# approaching a JIB



## k2spitfire (Nov 27, 2007)

when u approach a jib feature have ur hands over the nose and tail pretending that heat is comming out of the tail and nose and u must keep ur hands there to keep warm. Then u must have ur knees slightly bend, back straight, shoulders perpendicular to the board and head looking at the feature. as you approach it pick a point where no matter what u will go straight without speedchecking this will ensure that u ride straight on the feature and not on angles as you described. then you start grinding the jib and i like to have my knees bent even more because if i fall it wont hurt as much because my centre of gravity is lower , bending down low on a rail is key in progressing becauase it helps prevent injury. and once i see the feature i keep my eyes locked on the end of the feature and whereever u look your body will follow. srry for the mass ammount of spelling errors im too lazy to fix them cuz its 5 21 am for me lol


----------



## k2spitfire (Nov 27, 2007)

is this actually u snowolf?


----------



## Grizz (Nov 10, 2008)

k2spitfire said:


> is this actually u snowolf?


That's the wolf in his steezy python jacket.


----------



## FLuiD (Jul 6, 2009)

It's all about commiting to it. I struggle with this myself being old and not made of rubber anymore!


----------



## Guest (Jan 21, 2010)

Baseline6-
you mentioned your approach and always landing on a weird angle. What helps me out a lot is before you hit the feature make sure your board is totally flat - no edges.

It might me tough as when we learn to ride, we learn to always stay on edges. After you get proficient and confident and want to progress to ollies and features, it really helps to get your board flat before you hit a feature because you want to be flat on the rail or box.
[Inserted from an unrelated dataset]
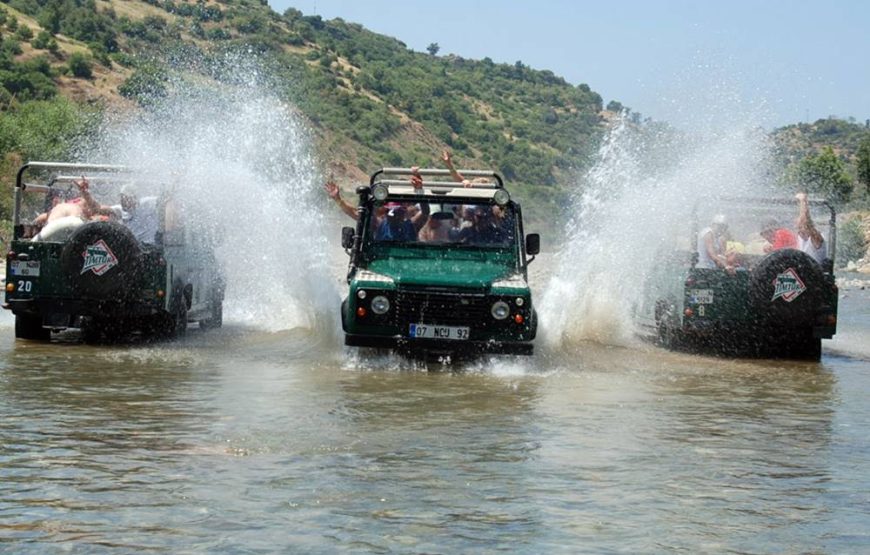 Marmaris Jeep Safari Tour With Waterfall & Water Fights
Hope this helps! Happy Shredding!


----------



## Cool_As_Cakes (Sep 23, 2009)

i got night and day better at jibbing when i stopped worrying about the appraoch and take off and hit them like any other small jump or feature i would see on the mountain. just be confident, centered, and ready to attack the feature. you'll be surprised at how much easier jibbing becomes when you "attack" the rail/box instead of "sliding" it. 
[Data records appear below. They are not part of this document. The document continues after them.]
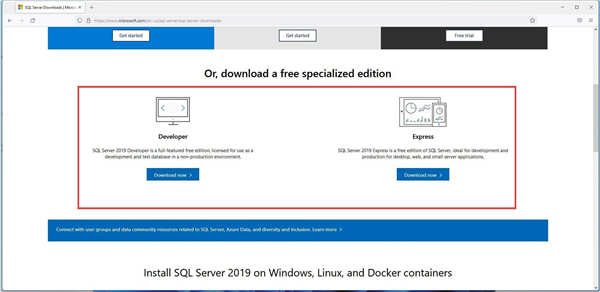 在Windows11上下载并安装Microsoft SQL Server 2019方法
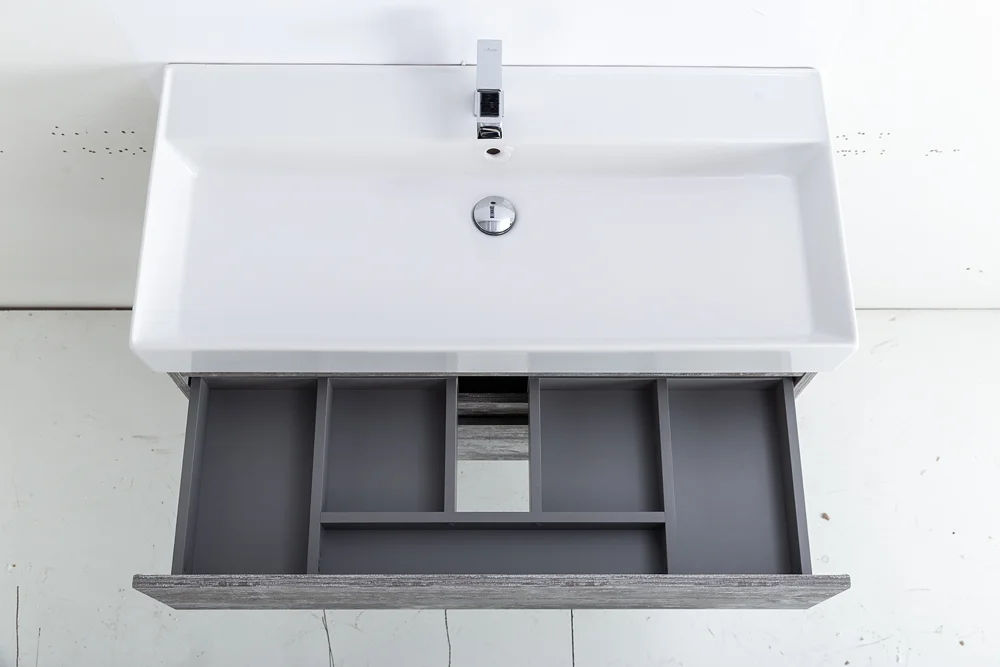 Приобрести cezares тумба подвесная с раковиной molveno 46 80 см legno grigio, серая molveno 46-80-2c-so-lg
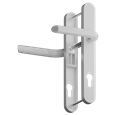 ASEC Evo Sprung Lever/Lever Multipoint Door Handles 92mm PZ 246mm Backplate 215mm Fixings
its all about state of mind. if you cannot prepare to attack a feature, then you're not ready to. start small, attack features that are short/quick, so that you get the taste of what a proper slide should be. only step up once the small features become "easy".

no park feature should be hit without the confidence to attack it. approaching with fear or being timid will only lead to injury.

be confident. be sure. be comfortable


----------